Content starts
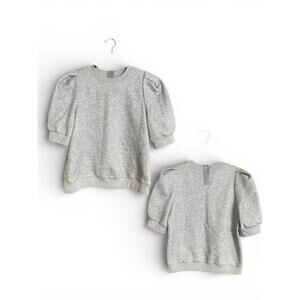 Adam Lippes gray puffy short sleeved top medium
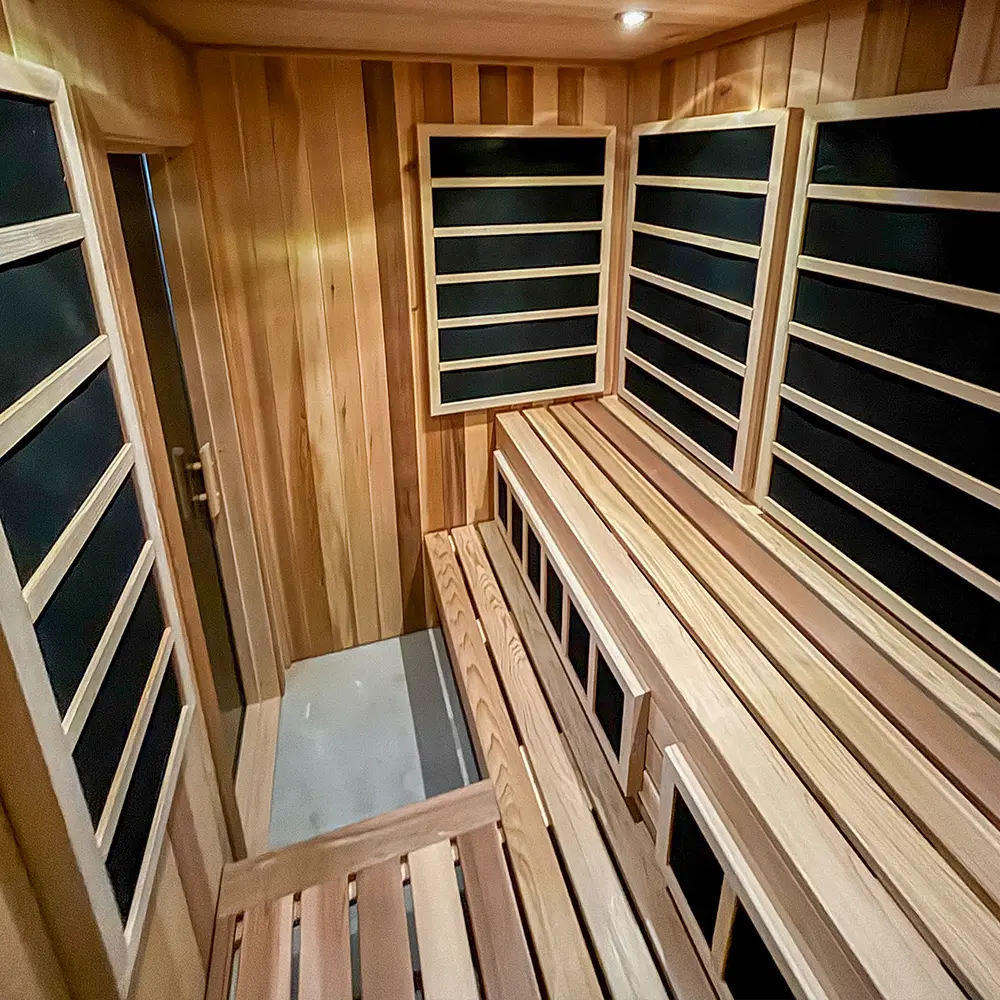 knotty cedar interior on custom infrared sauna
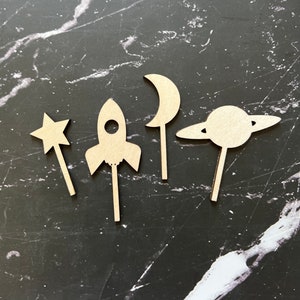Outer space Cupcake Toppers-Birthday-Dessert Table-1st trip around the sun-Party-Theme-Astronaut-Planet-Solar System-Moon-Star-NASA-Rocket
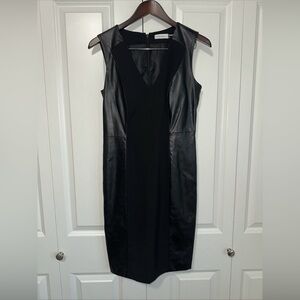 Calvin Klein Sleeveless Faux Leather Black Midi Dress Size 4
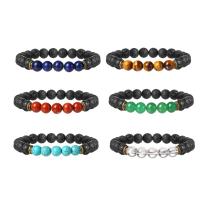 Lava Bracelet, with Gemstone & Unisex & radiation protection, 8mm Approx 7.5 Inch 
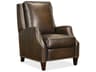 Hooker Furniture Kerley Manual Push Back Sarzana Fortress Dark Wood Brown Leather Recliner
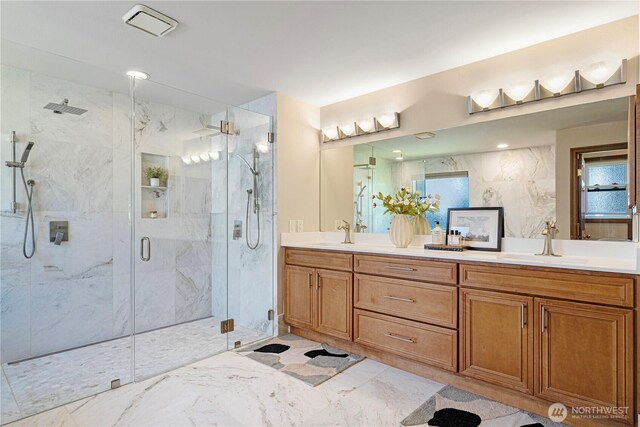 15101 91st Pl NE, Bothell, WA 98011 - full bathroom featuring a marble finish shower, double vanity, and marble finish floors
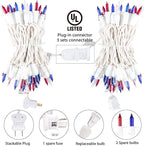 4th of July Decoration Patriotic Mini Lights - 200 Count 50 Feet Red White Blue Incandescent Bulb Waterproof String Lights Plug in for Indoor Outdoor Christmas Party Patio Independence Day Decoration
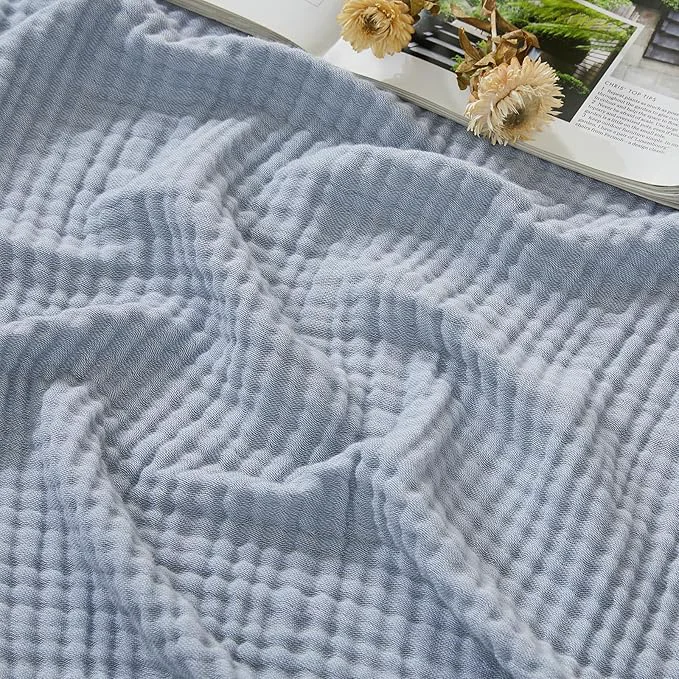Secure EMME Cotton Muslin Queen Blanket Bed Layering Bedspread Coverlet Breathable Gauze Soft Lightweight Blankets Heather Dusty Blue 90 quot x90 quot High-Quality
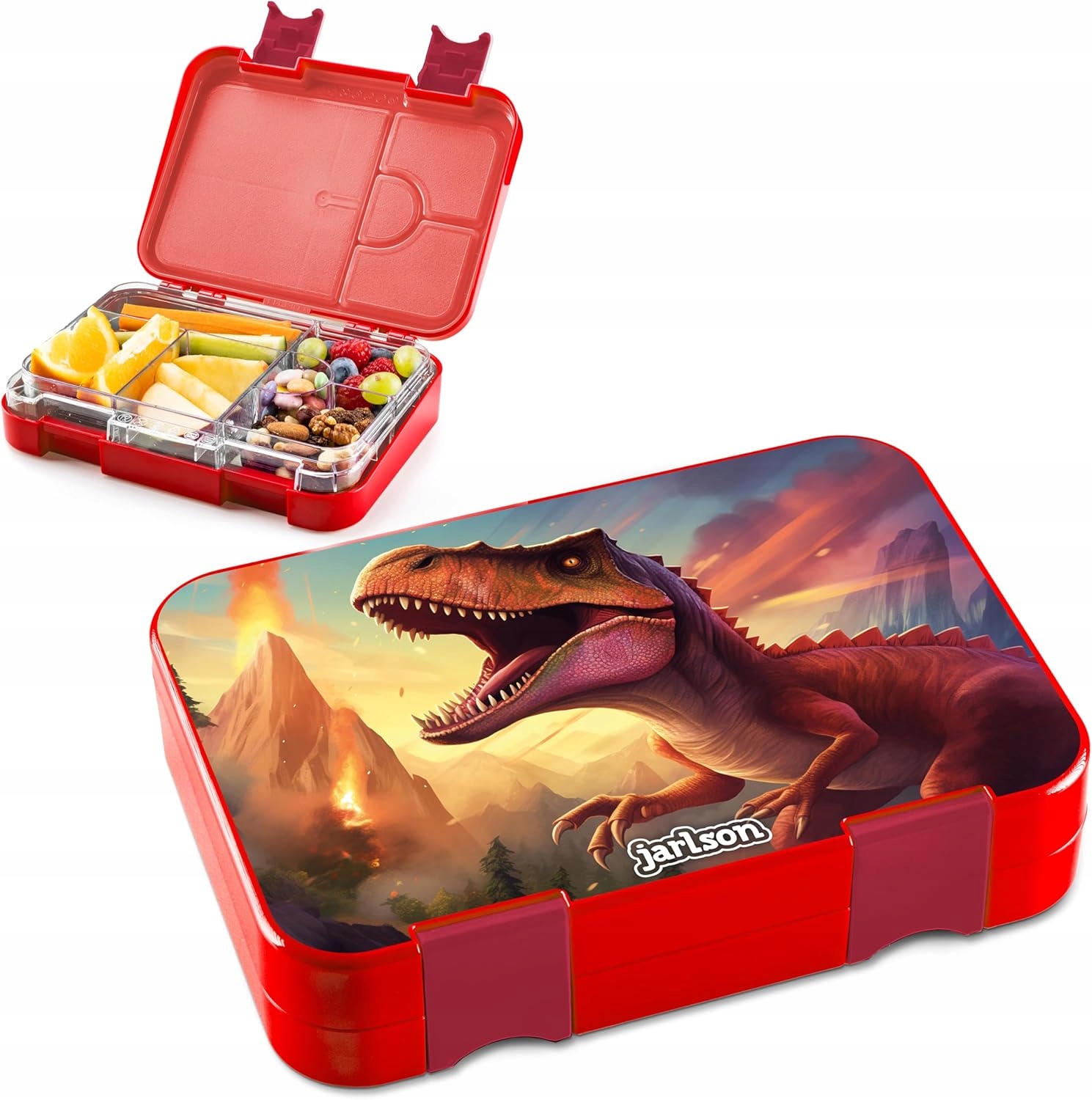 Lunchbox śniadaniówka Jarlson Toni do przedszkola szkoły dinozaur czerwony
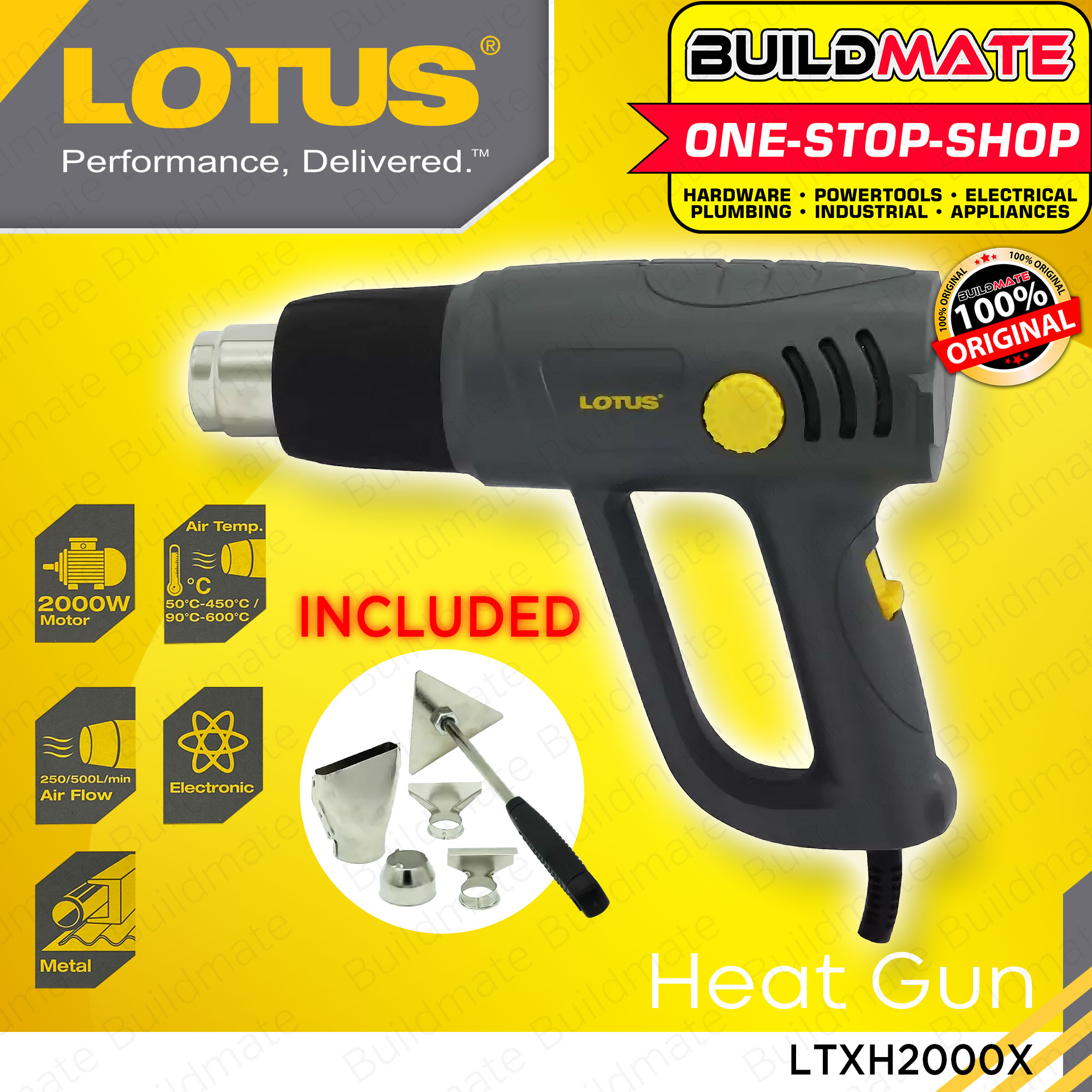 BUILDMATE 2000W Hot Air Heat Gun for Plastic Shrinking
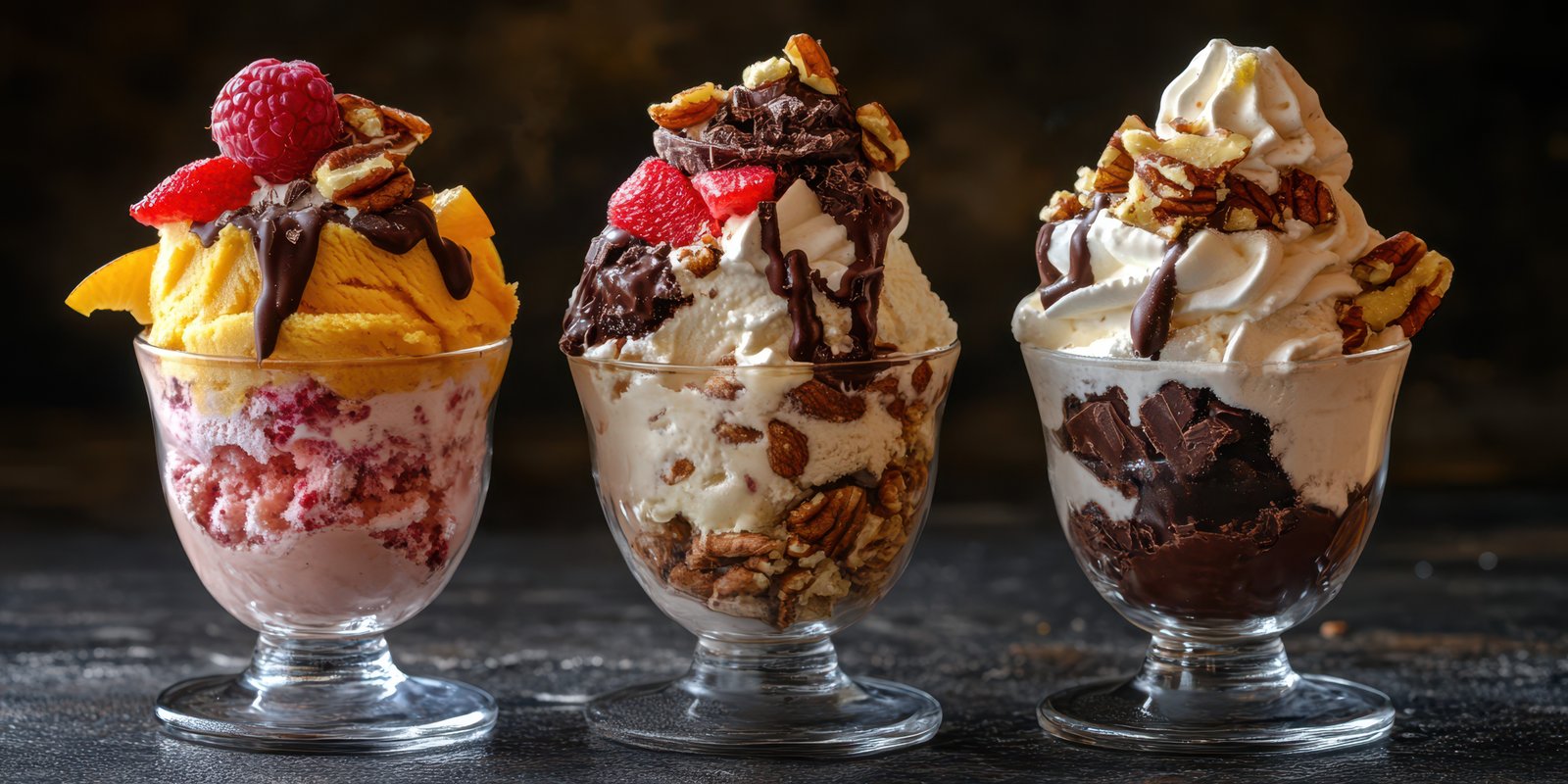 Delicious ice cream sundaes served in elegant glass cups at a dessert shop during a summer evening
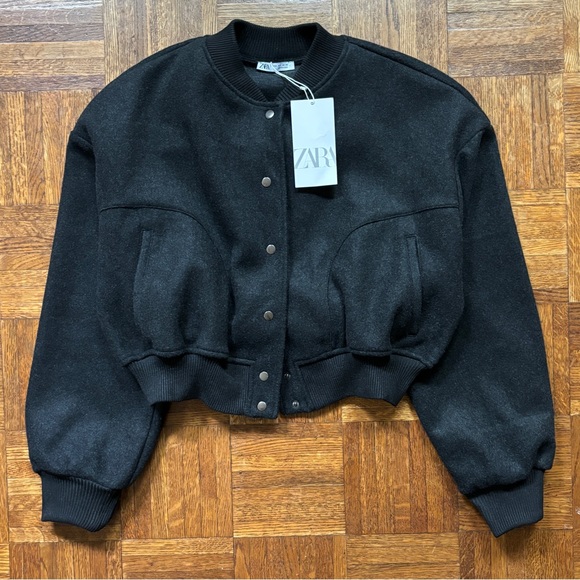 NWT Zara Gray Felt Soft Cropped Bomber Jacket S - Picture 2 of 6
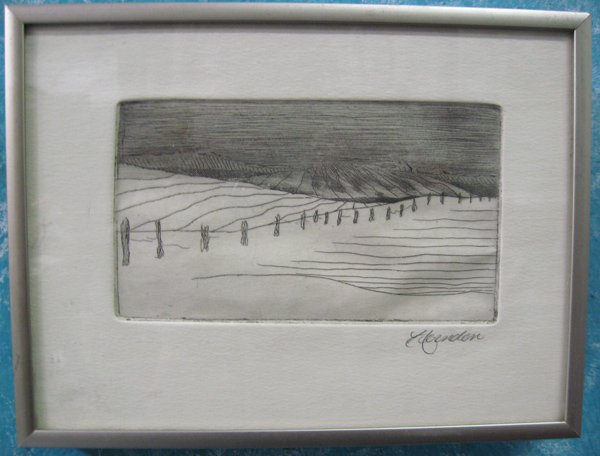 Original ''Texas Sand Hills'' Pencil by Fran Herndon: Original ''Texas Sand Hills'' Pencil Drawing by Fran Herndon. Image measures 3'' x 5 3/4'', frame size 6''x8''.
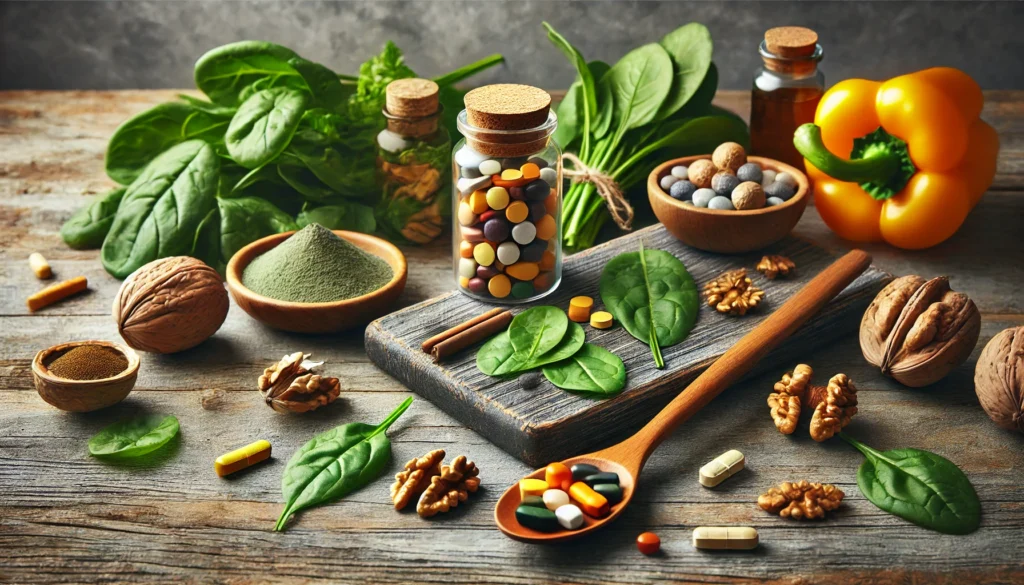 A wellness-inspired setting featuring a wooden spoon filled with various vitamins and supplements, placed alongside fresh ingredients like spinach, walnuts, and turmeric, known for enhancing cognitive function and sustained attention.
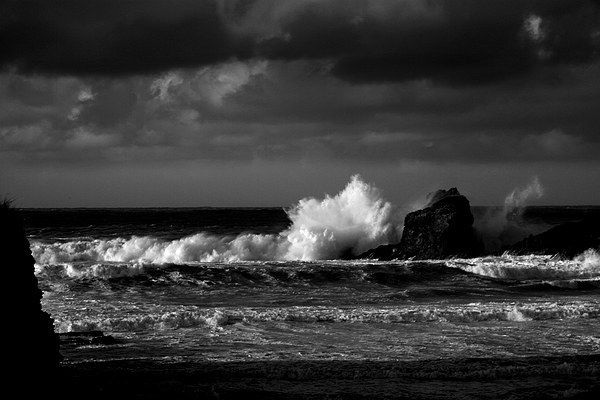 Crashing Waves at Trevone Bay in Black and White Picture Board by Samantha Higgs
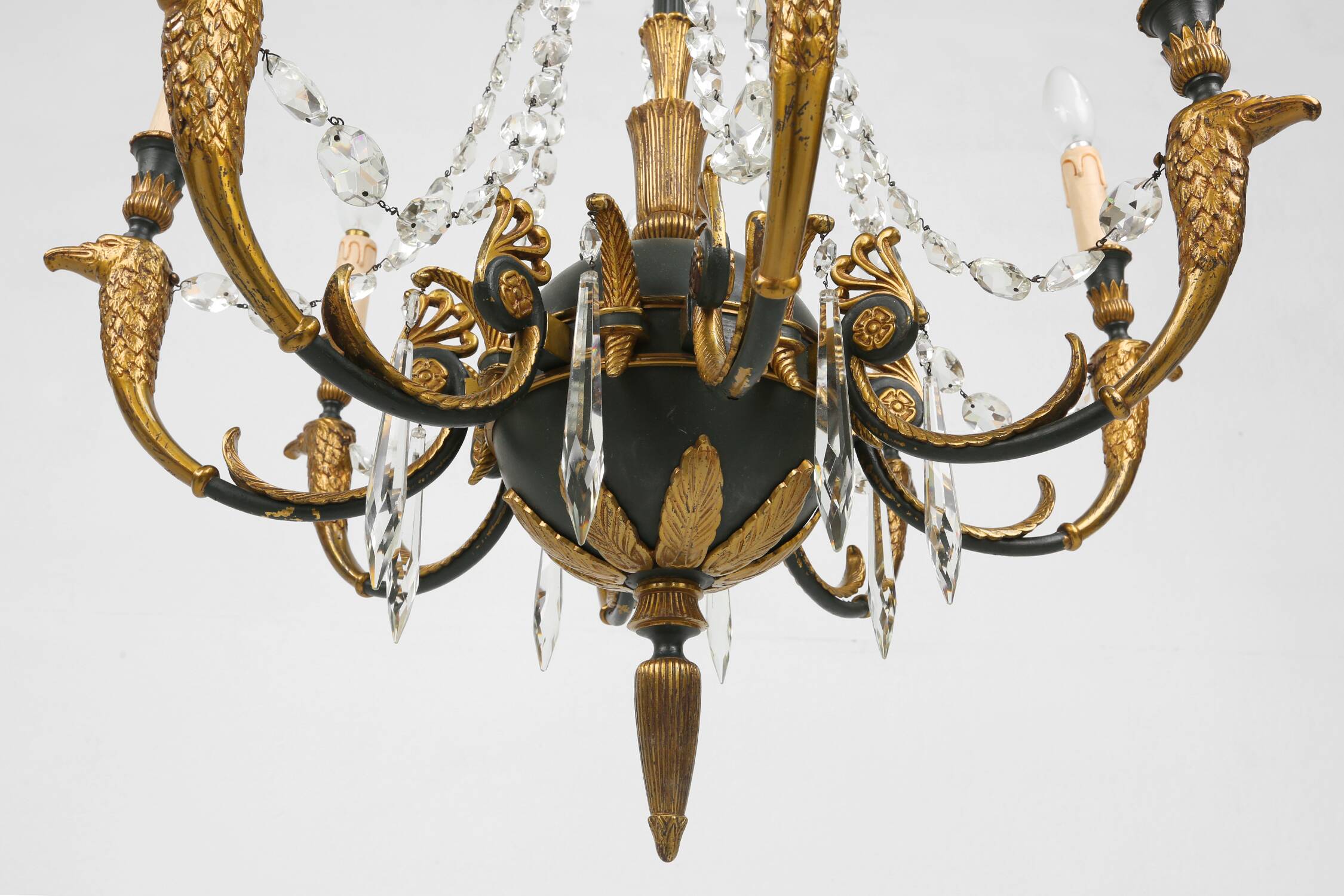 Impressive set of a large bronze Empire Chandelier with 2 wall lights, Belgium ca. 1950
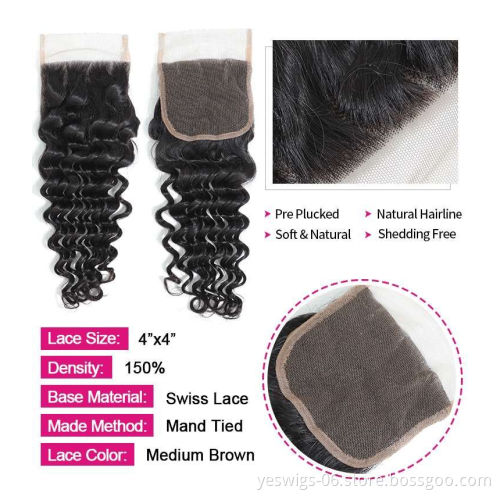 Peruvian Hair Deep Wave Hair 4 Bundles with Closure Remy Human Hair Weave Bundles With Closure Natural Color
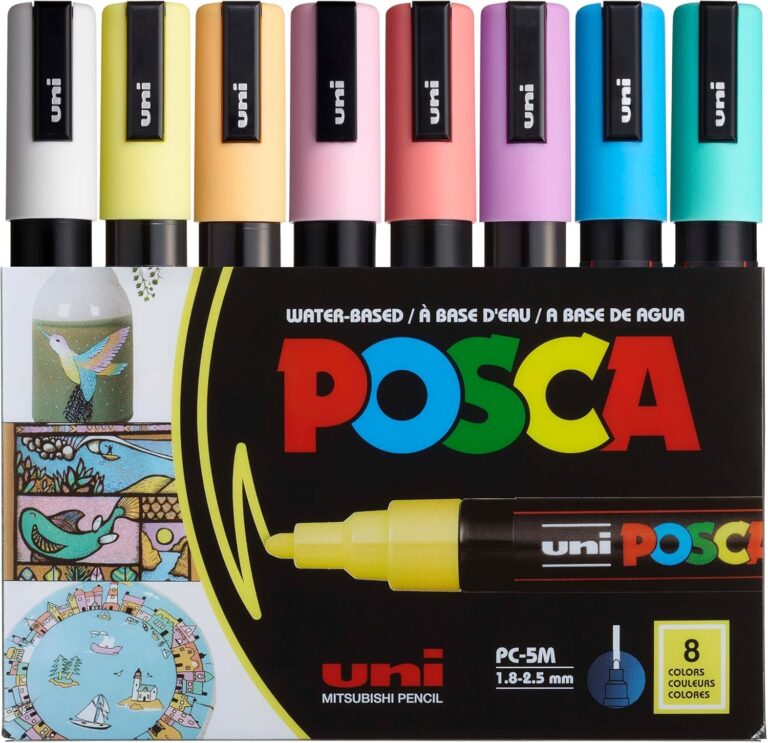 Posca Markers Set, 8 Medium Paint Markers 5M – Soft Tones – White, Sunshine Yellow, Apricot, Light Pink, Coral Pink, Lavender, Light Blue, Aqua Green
Content ends
Without copying any picture, write out the entries exactly.

▶ **ANSWER TO THE PROBLEM**
 Adam Lippes gray puffy short sleeved top medium
 knotty cedar interior on custom infrared sauna
Outer space Cupcake Toppers-Birthday-Dessert Table-1st trip around the sun-Party-Theme-Astronaut-Planet-Solar System-Moon-Star-NASA-Rocket
 Calvin Klein Sleeveless Faux Leather Black Midi Dress Size 4
 Lava Bracelet, with Gemstone & Unisex & radiation protection, 8mm Approx 7.5 Inch 
 Hooker Furniture Kerley Manual Push Back Sarzana Fortress Dark Wood Brown Leather Recliner
 15101 91st Pl NE, Bothell, WA 98011 - full bathroom featuring a marble finish shower, double vanity, and marble finish floors
 4th of July Decoration Patriotic Mini Lights - 200 Count 50 Feet Red White Blue Incandescent Bulb Waterproof String Lights Plug in for Indoor Outdoor Christmas Party Patio Independence Day Decoration
Secure EMME Cotton Muslin Queen Blanket Bed Layering Bedspread Coverlet Breathable Gauze Soft Lightweight Blankets Heather Dusty Blue 90 quot x90 quot High-Quality
 Lunchbox śniadaniówka Jarlson Toni do przedszkola szkoły dinozaur czerwony
 BUILDMATE 2000W Hot Air Heat Gun for Plastic Shrinking
 Delicious ice cream sundaes served in elegant glass cups at a dessert shop during a summer evening
 NWT Zara Gray Felt Soft Cropped Bomber Jacket S - Picture 2 of 6
 Original ''Texas Sand Hills'' Pencil by Fran Herndon: Original ''Texas Sand Hills'' Pencil Drawing by Fran Herndon. Image measures 3'' x 5 3/4'', frame size 6''x8''.
 A wellness-inspired setting featuring a wooden spoon filled with various vitamins and supplements, placed alongside fresh ingredients like spinach, walnuts, and turmeric, known for enhancing cognitive function and sustained attention.
 Crashing Waves at Trevone Bay in Black and White Picture Board by Samantha Higgs
 Impressive set of a large bronze Empire Chandelier with 2 wall lights, Belgium ca. 1950
 Peruvian Hair Deep Wave Hair 4 Bundles with Closure Remy Human Hair Weave Bundles With Closure Natural Color
 Posca Markers Set, 8 Medium Paint Markers 5M – Soft Tones – White, Sunshine Yellow, Apricot, Light Pink, Coral Pink, Lavender, Light Blue, Aqua Green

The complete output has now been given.